## ABOUT THIS EXERCISE
Every line holding the string "Classic" is to be copied from the entries below.

################

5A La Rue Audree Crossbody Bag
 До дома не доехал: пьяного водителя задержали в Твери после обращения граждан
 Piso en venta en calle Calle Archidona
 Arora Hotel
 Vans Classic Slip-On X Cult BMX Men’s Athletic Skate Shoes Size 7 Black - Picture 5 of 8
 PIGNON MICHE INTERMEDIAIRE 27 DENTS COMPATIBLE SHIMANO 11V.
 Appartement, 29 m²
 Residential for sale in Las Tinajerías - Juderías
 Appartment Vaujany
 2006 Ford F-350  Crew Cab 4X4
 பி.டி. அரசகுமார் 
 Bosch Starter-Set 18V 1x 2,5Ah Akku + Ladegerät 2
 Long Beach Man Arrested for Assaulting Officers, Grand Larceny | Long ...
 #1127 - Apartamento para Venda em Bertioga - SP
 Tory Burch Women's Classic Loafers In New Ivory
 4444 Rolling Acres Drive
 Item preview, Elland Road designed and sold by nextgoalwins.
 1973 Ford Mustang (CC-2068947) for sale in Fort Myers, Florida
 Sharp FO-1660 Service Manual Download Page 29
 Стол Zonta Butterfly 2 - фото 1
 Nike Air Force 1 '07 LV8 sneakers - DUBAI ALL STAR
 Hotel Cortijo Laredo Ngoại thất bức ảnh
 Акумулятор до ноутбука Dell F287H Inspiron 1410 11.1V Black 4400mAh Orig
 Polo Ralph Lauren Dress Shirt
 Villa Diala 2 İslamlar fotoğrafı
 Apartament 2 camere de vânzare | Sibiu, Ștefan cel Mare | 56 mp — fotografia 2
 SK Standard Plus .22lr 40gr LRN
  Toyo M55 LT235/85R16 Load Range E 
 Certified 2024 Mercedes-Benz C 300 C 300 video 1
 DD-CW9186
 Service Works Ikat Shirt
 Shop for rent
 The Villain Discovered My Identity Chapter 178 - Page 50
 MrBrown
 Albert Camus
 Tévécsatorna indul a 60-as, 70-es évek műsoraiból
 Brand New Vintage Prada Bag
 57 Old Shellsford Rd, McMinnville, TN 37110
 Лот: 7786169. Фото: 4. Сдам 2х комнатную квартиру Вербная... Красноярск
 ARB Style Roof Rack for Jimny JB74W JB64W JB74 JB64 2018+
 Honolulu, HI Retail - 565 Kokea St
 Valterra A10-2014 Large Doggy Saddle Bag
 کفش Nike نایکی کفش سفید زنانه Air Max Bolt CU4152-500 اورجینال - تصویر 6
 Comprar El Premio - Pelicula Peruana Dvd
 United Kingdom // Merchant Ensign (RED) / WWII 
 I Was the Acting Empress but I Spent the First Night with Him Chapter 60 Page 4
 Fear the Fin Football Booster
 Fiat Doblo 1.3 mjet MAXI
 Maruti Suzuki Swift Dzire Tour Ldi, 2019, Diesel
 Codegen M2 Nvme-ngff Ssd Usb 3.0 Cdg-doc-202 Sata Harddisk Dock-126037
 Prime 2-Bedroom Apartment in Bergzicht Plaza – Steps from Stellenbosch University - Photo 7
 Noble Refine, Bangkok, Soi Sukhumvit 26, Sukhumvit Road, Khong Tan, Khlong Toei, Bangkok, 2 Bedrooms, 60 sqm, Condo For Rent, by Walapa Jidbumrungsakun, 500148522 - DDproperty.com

################

## EXERCISE OUTPUT
 Vans Classic Slip-On X Cult BMX Men’s Athletic Skate Shoes Size 7 Black - Picture 5 of 8
 Tory Burch Women's Classic Loafers In New Ivory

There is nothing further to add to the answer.